→ **DATA RECORDS**:
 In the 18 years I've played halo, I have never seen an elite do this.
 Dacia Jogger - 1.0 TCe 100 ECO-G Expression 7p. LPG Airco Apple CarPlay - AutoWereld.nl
==
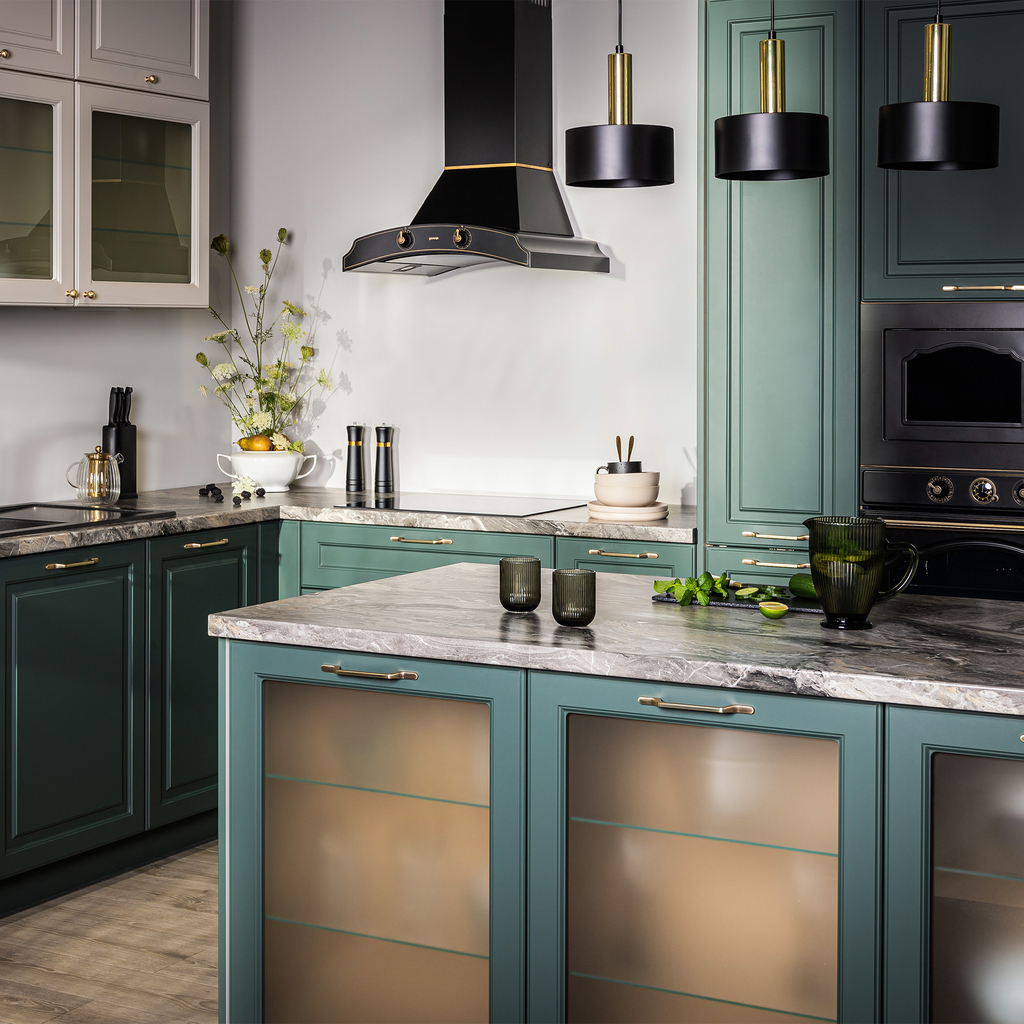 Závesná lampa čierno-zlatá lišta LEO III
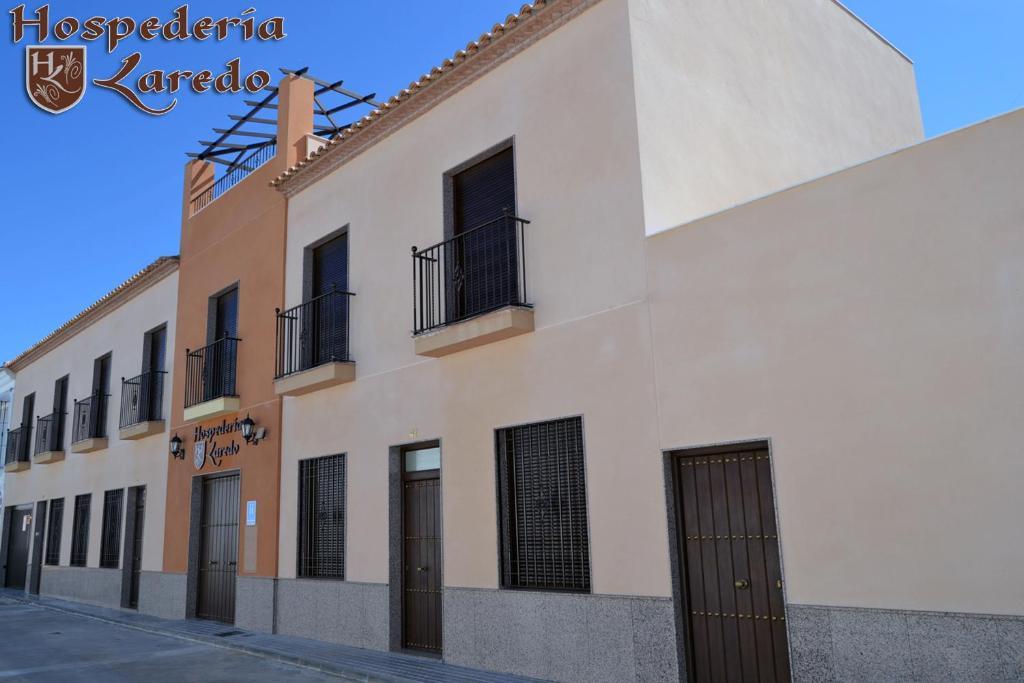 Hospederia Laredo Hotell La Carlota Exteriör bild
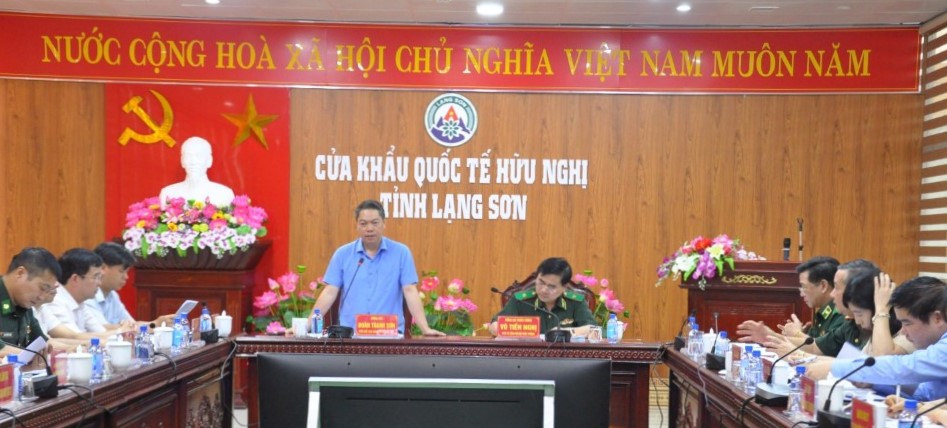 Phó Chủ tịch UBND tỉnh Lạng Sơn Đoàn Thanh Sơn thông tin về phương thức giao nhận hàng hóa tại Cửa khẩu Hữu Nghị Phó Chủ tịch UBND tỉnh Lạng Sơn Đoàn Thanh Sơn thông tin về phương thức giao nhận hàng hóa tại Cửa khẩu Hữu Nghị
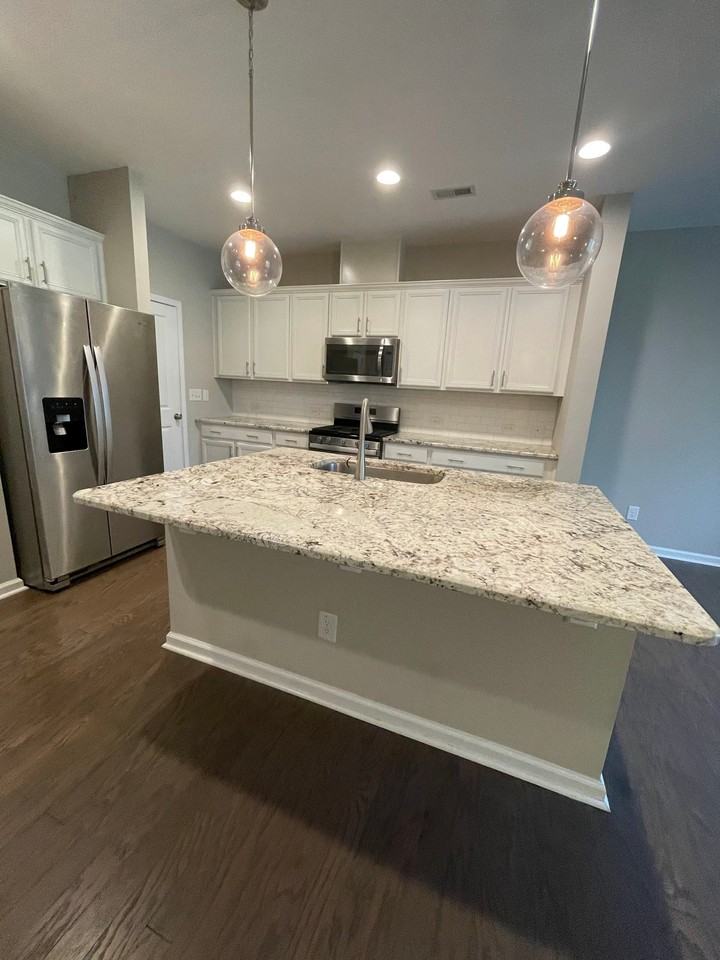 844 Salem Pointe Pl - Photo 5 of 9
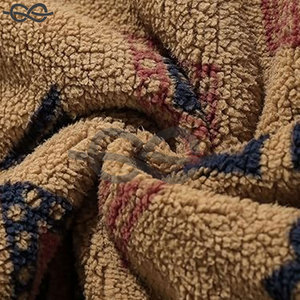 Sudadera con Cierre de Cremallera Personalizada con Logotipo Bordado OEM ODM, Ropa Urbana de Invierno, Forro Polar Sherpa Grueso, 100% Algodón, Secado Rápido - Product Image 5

→ **EXERCISE DESCRIPTION**:
Using the entries above, write out exactly the lines from the one with "Závesná lampa čierno-zlatá lišta LEO III" through the one with "844 Salem Pointe Pl - Photo 5 of 9", ends included. Leave out any pictures.

→ **RESULT OF THE EXERCISE**:
 Závesná lampa čierno-zlatá lišta LEO III
 Hospederia Laredo Hotell La Carlota Exteriör bild
 Phó Chủ tịch UBND tỉnh Lạng Sơn Đoàn Thanh Sơn thông tin về phương thức giao nhận hàng hóa tại Cửa khẩu Hữu Nghị Phó Chủ tịch UBND tỉnh Lạng Sơn Đoàn Thanh Sơn thông tin về phương thức giao nhận hàng hóa tại Cửa khẩu Hữu Nghị
 844 Salem Pointe Pl - Photo 5 of 9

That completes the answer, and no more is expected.